On Thursday afternoon, I had my final injection and, believe it or not, another lecture from this doctor who, was a prude with a stiff poker up his rectum, but, who, once he had enjoyed his moment of chastisement, assured me that all infection would have disappeared within a couple of days.
Meanwhile, I was rehearsing a couple of Dublin songs with my beautiful piano player, Pauline, who had turned out to be some kind of wonderful actress, stealing three of the plays - remember a completely different show every night - and I was so happy with her at the piano that I could have rehearsed eight hours a day and enjoyed every minute of it.
That night, free of the medical ban on alcohol, I joined the others in another trip to the pub that did all its real business after closing hours, the local cop being fed jar which kept him happy and off the streets, when bad things were happening in towns and villages all over the Six Counties. It interest me that nobody seemed to mind a Constable sitting jarred in an after hours pub with a revolver on his person, but, on Jimmy advice on my first day with the show, that the less said or even commented on was the route to survival. Loose lips, he said, could earn you a wooden overcoat, and I didn’t need to be told twice.
Thursday night, Jimmy had given me my first play part which I was to perform on the following Tuesday, with rehearsals over the weekend and, on Monday morning, with word calls in the afternoon of my acting debut.
When Jimmy handed me the play script he suggested I read it through first and let him know what I thought of it and the part I was going to be filling.
 
; There’s no denying that I was excited and I have to allow, nervous, but, I felt good about getting the chance, and as I read the part of Paddy O’Leary in the play script of ‘Noreen Bawn’ I honestly felt that I could handle it, and give a good performance.
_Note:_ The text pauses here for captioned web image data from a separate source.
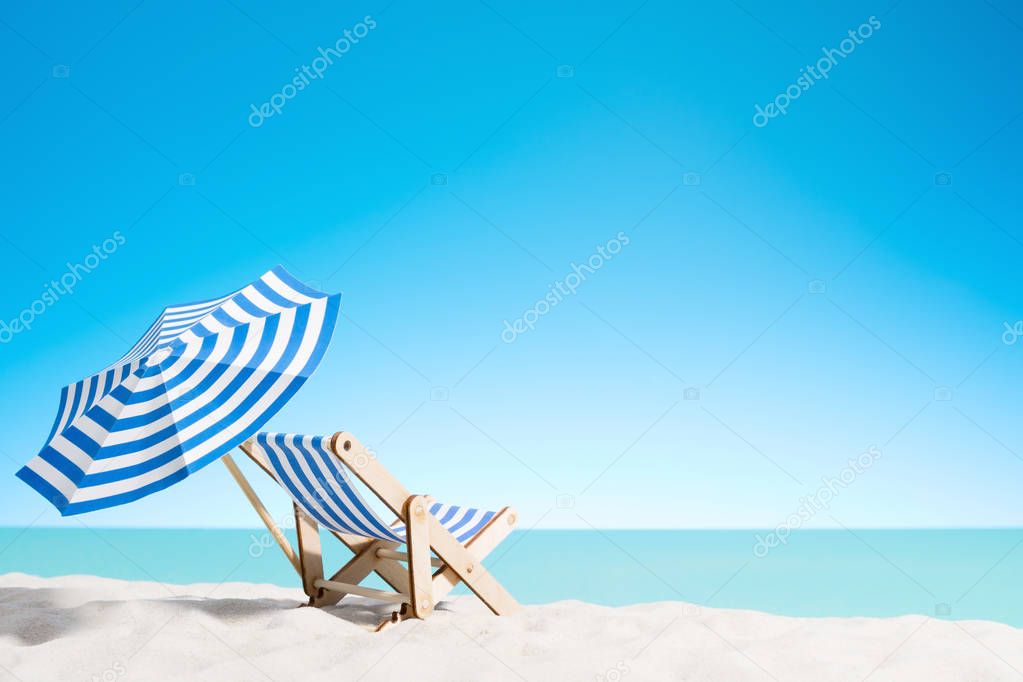 A chaise longue under an umbrella on the sandy beach by the sea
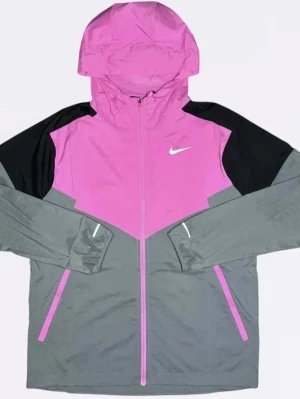 Nike vindjacka rosa och grå - Snygg vindjacka från Nike i rosa, grått och svart. Jackan har huva, hel dragkedja framtill och två fickor med dragkedja. Ikonisk Nike-logga på bröstet. Perfekt för blåsiga dagar och sportiga outfits.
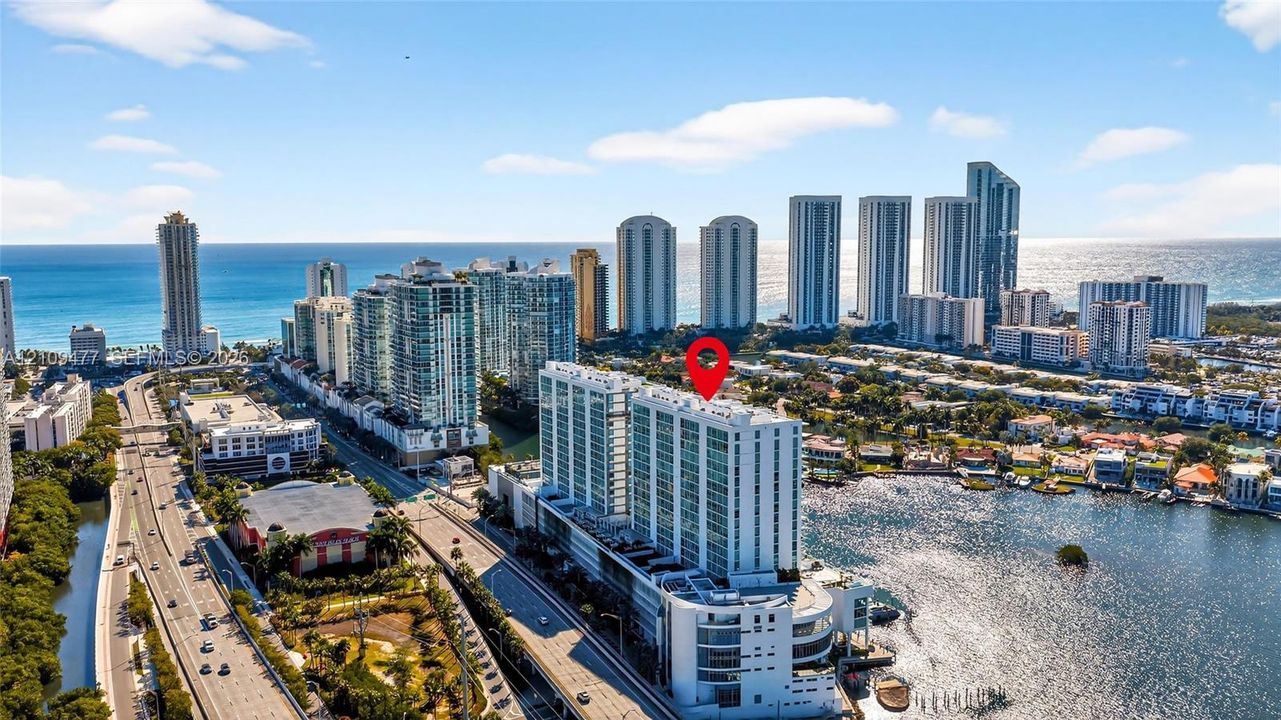 High-rise residential building featuring a swimming pool, tennis court, and immediate proximity to waterfront areas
I don’t know where the confidence came from and I never gave much time to wondering about it, it was just there, as it had been when I spoofed my way into the Top Hat gig in the Dublin suburb of Dunleary, the publicity of which resulted in Jimmy offering me a berth in his touring show, and as it had been when I offered a poem to radio that was broadcast, and an article to a paper The Times Pictorial that was published and earned me my first money outside of milk rounds as a kid and later the office job wages on a Friday that had helped my mother through some tricky years, money-wise.
When I was about to open the script as Jimmy handed it to me, he put his hand on my arm: ‘Forget it for now. Read it when you wake up in the morning, then drop over to my wagon and we can kick it around, see what you think.’
I wanted to tell him that I wouldn’t let him down, that I’d be better in the play than I was in Variety, but he was so busy rushing around as he dealt with his responsibilities, that I didn’t get the chance.
When Jimmy paid me on Saturday morning, I offered him ten bob as a start of paying him back for looking after the bill that my venereal interlude has cost. He said no, to keep it, and he grinned as he told me that I could do the same for him some time.
That morning he was in very good mood as he told the cast that we were staying put for another week. Business had been great all week and he felt sure we could do another before they got fed up with us. His description of the scene, delivered with a smile that lit up his handsome face.
The news cheered up everybody, because, it meant that, apart from an easy Saturday night - there would be no stripping the show down for a Sunday morning departure.
Normally, the show played a week in each place, and this meant that the stage frame had to come down after the show on Saturday night, and that everything had to be packed up and ready to go into the truck before anybody left the hall. Instead of which, we could all now saunter down to Cullen’s for a jar, and forget the show until the eleven o’clock call on Monday.